-
Bug
-
Resolution: Fixed
-
Major
-
None
-
We're running Jenkins on a RHEL 5.2, 32 bits box, with Java 1.6.0_04. The build agent runs on a RHEL 5.4, 64 bits box, with Java 1.6.0_23.
-
Powered by SuggestiMate
Hi. We upgraded our old Hudson server to Jenkins 1.409.2 on Sep, 20th. Since then we're facing bigger build times, like twice the time it used to take with Hudson.
We're running Jenkins on a RHEL 5.2, 32 bits box, with Java 1.6.0_04. The build agent runs on a RHEL 5.4, 64 bits box, with Java 1.6.0_23.
I'm attaching the System_Information_Jenkins.html page which contains the configuration of our Jenkins server.
I'm also attaching the config.xml file of a particular job which shows the problem well.
I'm also attaching the etics-6.1.x-es_76_Console.html file with the Console output of a particular build. The output lines are prefixed with the time of day (via the timestamper plugin) so that we can see where most of the time was spent. As you can see, the build started at 10:47:17 and ended at 11:26:36, having taken 39 minutes and 19 seconds in the whole. However, as you can see at the end of the log, maven tells us that the build took only 11 minutes and 3 seconds. Most of the remaining 28 minutes and 16 seconds was spent between the lines prefixed with times 10:47:54 and 11:15:21.
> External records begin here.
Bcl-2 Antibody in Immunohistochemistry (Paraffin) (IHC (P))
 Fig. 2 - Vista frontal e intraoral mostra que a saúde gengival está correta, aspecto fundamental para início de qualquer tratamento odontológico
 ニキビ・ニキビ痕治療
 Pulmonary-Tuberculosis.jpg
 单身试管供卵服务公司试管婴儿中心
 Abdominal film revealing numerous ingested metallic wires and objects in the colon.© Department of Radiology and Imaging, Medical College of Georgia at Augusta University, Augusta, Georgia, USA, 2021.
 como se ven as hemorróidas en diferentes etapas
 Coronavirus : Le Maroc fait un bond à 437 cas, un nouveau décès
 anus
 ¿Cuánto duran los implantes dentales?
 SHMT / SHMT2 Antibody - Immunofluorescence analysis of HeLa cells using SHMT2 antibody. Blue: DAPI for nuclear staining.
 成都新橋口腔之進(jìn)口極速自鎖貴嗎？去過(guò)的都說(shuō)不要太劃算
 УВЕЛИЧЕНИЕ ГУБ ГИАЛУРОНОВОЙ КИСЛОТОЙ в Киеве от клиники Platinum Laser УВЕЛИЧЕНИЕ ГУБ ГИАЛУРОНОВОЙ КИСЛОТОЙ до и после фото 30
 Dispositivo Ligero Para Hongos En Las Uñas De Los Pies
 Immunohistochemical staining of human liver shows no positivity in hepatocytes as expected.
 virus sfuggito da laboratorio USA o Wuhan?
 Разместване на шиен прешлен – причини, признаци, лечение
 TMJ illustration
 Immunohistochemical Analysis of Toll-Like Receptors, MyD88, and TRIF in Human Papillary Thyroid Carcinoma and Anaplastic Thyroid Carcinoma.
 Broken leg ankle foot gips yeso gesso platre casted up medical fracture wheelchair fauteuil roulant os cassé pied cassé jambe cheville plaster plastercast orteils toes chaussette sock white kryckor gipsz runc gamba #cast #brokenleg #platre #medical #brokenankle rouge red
I don't know what the Jenkins server or the agent were doing during this quiet period. I tried to see which processes were busy during this period and the only strange thing I noticed was that there was a process in the agent machine very busy, which was this:
/l/disk0/ipscate/tools/java/jdk1.6.0_23/bin/java -jar slave.jar
I straced it during a few seconds and saw that it was busy opening lots of files under the /l/disk0/ipscate/ip/nexus/.m2/repository/br/com/cpqd directory. In fact, in a short period of about 15 or 20 seconds it opened more than 40000 files, some of them being repeatedly opened thousands of times. These were the most often opened ones:
# sort /tmp/trace | uniq -c | sort -n | tail -5 3502 32319 open("/l/disk0/ipscate/ip/nexus/.m2/repository/br/com/cpqd/public/cpqd-public-bom/6.5.2/_maven.repositories", O_RDONLY) = 16 3502 32319 stat("/l/disk0/ipscate/ip/nexus/.m2/repository/br/com/cpqd/public/cpqd-public-bom/6.5.2/cpqd-public-bom-6.5.2.pom", {st_mode=S_IFREG|0644, st_size=45211, ...}) = 0 3793 32319 open("/l/disk0/ipscate/ip/nexus/.m2/repository/br/com/cpqd/parent/cpqd-super-parent/6.5.2/cpqd-super-parent-6.5.2.pom", O_RDONLY) = 16 3793 32319 stat("/l/disk0/ipscate/ip/nexus/.m2/repository/br/com/cpqd/parent/cpqd-super-parent/6.5.2/cpqd-super-parent-6.5.2.pom", {st_mode=S_IFREG|0644, st_size=14792, ...}) = 0 7004 32319 stat("/l/disk0/ipscate/ip/nexus/.m2/repository/br/com/cpqd/public/cpqd-public-bom/6.5.2/_maven.repositories", {st_mode=S_IFREG|0644, st_size=163, ...}) = 0
I'm not sure this behaviour is directly related with the delay I was seeing in the build, but it doesn't seem right to me.
Do you have any suggestion as to how can I go about investigating this?
- depends on
-
JENKINS-15935 Can't build using maven 3.1.0
-
- Resolved
-
- is related to
-
JENKINS-8390 POMs parsing fails in m2 projects which has a wrong inheritence (m3 constraint)
-
- Closed
-
[JENKINS-11362] Strange delay during a maven job build
I also noticed that the /l/disk0/ipscate/ip/nexus/.m2 directory had 141GB of data below it!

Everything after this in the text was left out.